The woman brought to Jesus has committed adultery. She has offended both against her husband and the whole village. Something in that society has been upset and someone must pay. She is guilty: she must die.

It's possible to see in this a classic case of The Scapegoat. To make a scapegoat is to identify a victim and expel that victim from the community. Then the rest of the community can rid itself of the scandal and return to normal. The victim is guilty and everyone else is assumed innocent. It is this assumption of innocence that Jesus subverts: If anyone is without sin among you, let him be the first to throw a stone at her.

Violence directed by all against a single victim seems to be a fundamental characteristic of human behaviour. But it exposes an equally fundamental flaw in human nature, which is our tendency to maintain our total innocence in the face of the victim we have identified as guilty.

For us at the present it is terrorism that is perceived as the threat, something that is making society uneasy. Indeed there is good reason to think this. Yet Christian believers should always be questioning our human need for victims.

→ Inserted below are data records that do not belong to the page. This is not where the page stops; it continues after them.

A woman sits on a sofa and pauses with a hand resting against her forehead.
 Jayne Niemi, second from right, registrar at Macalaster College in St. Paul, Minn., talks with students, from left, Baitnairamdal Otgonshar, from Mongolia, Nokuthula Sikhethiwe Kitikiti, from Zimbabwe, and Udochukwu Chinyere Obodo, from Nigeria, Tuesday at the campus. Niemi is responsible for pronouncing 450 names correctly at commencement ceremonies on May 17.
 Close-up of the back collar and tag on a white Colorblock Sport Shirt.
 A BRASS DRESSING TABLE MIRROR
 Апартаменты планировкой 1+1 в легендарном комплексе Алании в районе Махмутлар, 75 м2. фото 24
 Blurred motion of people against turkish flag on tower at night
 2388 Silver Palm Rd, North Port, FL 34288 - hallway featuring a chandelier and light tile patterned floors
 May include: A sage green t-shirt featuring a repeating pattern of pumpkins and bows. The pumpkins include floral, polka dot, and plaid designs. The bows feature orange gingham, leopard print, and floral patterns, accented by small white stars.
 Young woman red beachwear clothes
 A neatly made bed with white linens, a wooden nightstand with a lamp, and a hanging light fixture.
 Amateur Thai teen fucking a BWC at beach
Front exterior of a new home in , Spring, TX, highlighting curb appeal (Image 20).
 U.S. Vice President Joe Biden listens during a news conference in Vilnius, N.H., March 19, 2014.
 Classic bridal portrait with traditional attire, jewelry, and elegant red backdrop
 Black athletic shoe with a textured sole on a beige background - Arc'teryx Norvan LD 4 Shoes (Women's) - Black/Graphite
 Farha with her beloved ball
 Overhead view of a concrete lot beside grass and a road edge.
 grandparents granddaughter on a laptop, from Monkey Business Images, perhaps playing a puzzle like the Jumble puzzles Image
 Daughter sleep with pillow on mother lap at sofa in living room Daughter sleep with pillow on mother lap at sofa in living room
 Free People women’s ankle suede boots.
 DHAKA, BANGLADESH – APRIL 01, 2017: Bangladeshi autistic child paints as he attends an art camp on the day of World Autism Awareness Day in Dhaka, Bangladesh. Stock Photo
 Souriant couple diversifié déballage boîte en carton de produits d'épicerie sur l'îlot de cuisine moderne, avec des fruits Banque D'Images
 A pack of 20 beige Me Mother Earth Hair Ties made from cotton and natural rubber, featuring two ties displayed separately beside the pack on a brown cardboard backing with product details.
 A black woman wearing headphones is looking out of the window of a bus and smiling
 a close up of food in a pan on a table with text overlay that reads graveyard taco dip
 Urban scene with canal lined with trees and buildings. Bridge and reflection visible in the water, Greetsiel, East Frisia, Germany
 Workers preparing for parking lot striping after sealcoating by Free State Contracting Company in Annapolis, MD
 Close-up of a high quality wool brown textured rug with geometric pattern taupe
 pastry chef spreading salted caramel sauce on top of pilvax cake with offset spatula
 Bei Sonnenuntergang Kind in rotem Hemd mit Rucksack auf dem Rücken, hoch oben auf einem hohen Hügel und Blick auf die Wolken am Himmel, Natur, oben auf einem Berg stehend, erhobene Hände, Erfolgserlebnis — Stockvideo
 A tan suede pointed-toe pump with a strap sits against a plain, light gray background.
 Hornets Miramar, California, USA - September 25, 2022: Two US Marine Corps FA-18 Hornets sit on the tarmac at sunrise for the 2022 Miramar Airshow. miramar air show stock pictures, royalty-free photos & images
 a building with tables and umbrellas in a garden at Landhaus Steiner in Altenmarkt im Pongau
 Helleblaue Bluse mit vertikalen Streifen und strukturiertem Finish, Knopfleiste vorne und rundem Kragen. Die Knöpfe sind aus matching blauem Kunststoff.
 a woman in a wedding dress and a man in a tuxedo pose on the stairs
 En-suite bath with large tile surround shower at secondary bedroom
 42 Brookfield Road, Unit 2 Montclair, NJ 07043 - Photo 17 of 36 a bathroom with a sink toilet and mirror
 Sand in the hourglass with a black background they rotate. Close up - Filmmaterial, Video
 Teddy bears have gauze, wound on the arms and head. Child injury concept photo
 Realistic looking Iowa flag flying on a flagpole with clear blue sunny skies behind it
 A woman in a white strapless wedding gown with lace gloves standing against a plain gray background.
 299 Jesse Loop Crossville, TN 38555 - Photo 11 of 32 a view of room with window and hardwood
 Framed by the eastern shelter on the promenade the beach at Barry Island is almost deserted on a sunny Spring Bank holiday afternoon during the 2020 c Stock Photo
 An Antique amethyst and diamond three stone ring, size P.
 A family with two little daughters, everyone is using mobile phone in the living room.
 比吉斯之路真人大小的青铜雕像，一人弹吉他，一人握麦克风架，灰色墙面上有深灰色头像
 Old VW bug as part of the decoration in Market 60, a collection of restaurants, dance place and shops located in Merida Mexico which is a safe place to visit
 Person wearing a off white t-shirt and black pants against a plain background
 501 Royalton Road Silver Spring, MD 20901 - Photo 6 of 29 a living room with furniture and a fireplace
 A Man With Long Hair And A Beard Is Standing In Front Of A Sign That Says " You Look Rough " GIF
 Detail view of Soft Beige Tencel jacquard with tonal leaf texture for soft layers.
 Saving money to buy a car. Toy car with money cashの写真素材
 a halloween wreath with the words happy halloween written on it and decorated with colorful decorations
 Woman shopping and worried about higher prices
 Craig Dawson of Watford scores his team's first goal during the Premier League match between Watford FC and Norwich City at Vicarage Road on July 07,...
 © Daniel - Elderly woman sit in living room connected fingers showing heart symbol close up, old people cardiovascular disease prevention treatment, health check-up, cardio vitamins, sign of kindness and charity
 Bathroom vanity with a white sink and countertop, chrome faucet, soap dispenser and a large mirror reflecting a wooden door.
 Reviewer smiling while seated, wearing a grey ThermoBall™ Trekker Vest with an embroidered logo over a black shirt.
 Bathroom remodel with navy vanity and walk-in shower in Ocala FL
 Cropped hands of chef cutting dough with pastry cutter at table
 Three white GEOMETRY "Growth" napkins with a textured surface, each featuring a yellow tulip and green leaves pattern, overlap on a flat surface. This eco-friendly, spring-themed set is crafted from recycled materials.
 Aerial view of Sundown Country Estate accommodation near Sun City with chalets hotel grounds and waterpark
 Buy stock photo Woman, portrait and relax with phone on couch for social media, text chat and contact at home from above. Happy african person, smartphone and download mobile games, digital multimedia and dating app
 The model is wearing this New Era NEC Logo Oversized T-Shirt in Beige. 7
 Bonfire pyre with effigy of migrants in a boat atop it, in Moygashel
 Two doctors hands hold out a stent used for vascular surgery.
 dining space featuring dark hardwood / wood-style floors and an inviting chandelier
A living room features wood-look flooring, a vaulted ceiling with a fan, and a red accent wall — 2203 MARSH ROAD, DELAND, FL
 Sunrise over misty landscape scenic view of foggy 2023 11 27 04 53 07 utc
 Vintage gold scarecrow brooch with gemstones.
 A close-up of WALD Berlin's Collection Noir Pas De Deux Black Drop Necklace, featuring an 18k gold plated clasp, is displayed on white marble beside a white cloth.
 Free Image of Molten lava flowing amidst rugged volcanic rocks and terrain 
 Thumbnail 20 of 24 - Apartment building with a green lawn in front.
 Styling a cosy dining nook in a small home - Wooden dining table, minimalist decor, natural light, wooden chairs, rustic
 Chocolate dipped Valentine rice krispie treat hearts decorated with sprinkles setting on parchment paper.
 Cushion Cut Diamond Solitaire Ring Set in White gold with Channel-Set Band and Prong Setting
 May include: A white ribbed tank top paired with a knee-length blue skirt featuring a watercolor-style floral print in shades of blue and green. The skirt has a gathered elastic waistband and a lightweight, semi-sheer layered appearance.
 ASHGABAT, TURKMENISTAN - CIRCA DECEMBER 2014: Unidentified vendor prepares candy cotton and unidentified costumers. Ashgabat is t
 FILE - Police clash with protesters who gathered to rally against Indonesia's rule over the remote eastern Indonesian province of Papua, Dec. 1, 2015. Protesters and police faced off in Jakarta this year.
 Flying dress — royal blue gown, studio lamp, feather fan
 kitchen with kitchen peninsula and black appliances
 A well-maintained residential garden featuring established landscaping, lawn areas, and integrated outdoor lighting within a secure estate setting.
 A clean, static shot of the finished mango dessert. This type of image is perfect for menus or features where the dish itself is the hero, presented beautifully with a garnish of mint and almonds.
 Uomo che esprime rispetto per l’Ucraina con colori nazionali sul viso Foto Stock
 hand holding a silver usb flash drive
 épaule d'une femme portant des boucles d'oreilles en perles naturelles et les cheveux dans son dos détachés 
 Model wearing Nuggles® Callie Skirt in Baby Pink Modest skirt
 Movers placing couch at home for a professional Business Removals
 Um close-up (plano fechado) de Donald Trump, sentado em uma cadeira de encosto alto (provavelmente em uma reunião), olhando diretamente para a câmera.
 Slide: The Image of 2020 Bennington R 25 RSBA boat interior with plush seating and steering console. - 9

Some years ago, during the IRA bombing campaign in London, the Daily Telegraph asserted that young Irishmen should not be surprised if they were picked up by the police and questioned. These days the scapegoats appear more in the guise of young men of Middle Eastern, North African or Pakistani descent.

If anyone is without sin among you, let him be the first to throw a stone at her. Clearly, that is not to condone violence. We rightly identify terrorism as a menace for all of us. Yet that does not mean that we should make scapegoats. For in the complex interrelationship that is global human life we none of us can claim innocence. I am no terrorist. I am less sure that I am not complicit in some of the causes of terrorism.

To claim total innocence is to deny original sin and unmask ourselves as guilty. Saint John's first letter has this: If we say we have no sin we are deceiving ourselves and the truth is not in us.

The woman is guilty of adultery. Yet Jesus will not allow the victim ritual to take place. That sort of human sacrifice is no longer to be made, since those who intend to offer it are exposed as equally guilty.

Instead, Jesus gives the woman a challenge. Jesus mandates a response to forgiveness, a response that we would describe as a "firm purpose of amendment." He says: Go and sin no more. Let that be heard as if addressed to all of us. That is the Christian counsel.

Christians do not need to chase after victims, or to condone the making of scapegoats. This is because one full, perfect and sufficient sacrifice has brought about the forgiveness of sins, and also unmasked the violence of the innocent. We offer the sacrifice of the Body and Blood of Christ, the innocent Lamb freely offering his life, the blood poured out for the forgiveness of sins.